▶ _WHAT YOU SHOULD DO_
Somewhere below is a line with "32003 Cast Iron, Bulverde, TX" and, later, a line with "Robe blanche pour"; repeat those two lines and all the lines between them, exactly as they are.

▶ _DATA IN THIS EXERCISE_

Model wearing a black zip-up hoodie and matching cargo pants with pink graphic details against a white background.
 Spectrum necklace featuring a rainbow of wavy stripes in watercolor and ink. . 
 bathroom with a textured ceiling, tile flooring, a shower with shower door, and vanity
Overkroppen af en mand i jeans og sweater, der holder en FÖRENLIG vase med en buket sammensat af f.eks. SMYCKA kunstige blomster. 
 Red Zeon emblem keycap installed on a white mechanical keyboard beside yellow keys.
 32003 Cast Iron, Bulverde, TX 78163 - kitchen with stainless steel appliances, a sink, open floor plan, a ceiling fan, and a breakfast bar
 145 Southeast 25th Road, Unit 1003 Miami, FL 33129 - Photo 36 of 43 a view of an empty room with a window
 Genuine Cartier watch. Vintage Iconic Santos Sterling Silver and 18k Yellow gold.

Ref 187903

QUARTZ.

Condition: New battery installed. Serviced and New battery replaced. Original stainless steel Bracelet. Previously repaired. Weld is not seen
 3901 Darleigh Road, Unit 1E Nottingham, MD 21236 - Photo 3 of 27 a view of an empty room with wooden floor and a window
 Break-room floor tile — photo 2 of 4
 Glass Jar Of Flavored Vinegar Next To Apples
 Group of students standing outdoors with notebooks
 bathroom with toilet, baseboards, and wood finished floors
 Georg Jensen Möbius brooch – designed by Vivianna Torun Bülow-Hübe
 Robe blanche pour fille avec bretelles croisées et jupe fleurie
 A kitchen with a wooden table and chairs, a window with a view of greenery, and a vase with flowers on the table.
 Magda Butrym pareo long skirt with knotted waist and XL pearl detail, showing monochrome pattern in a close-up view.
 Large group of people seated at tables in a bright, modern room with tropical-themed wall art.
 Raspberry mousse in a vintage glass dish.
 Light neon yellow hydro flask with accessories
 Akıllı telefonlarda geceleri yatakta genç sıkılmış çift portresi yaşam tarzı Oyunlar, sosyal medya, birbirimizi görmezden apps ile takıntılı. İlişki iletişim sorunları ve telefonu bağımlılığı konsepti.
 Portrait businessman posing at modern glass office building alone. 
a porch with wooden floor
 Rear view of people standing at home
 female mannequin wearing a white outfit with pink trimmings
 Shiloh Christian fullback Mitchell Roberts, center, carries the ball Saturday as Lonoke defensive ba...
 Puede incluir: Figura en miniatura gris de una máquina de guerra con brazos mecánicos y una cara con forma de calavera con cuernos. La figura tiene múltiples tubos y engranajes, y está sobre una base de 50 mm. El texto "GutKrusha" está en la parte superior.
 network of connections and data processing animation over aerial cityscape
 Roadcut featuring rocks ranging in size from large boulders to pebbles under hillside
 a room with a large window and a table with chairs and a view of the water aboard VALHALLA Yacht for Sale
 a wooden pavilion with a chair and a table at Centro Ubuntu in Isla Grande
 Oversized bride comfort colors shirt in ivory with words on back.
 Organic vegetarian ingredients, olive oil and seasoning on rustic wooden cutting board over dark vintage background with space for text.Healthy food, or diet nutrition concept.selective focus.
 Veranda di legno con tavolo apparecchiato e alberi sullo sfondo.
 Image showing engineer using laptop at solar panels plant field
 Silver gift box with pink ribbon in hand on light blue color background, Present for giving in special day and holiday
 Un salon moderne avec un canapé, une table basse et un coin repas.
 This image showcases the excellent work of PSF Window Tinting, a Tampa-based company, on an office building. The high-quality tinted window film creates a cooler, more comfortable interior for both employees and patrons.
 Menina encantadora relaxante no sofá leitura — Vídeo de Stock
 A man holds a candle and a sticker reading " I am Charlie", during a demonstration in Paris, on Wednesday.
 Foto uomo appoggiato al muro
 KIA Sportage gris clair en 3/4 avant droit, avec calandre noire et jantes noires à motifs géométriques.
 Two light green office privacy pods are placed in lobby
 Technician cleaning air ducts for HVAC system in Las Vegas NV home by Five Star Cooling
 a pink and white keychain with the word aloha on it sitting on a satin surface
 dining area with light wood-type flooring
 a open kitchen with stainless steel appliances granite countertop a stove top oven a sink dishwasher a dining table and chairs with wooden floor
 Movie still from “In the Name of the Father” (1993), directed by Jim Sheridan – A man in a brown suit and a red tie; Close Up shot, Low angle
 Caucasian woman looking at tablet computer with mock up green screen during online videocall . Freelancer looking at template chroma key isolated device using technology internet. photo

▶ _RESPONSE FOR THIS EXERCISE_
 32003 Cast Iron, Bulverde, TX 78163 - kitchen with stainless steel appliances, a sink, open floor plan, a ceiling fan, and a breakfast bar
 145 Southeast 25th Road, Unit 1003 Miami, FL 33129 - Photo 36 of 43 a view of an empty room with a window
 Genuine Cartier watch. Vintage Iconic Santos Sterling Silver and 18k Yellow gold.

Ref 187903

QUARTZ.

Condition: New battery installed. Serviced and New battery replaced. Original stainless steel Bracelet. Previously repaired. Weld is not seen
 3901 Darleigh Road, Unit 1E Nottingham, MD 21236 - Photo 3 of 27 a view of an empty room with wooden floor and a window
 Break-room floor tile — photo 2 of 4
 Glass Jar Of Flavored Vinegar Next To Apples
 Group of students standing outdoors with notebooks
 bathroom with toilet, baseboards, and wood finished floors
 Georg Jensen Möbius brooch – designed by Vivianna Torun Bülow-Hübe
 Robe blanche pour fille avec bretelles croisées et jupe fleurie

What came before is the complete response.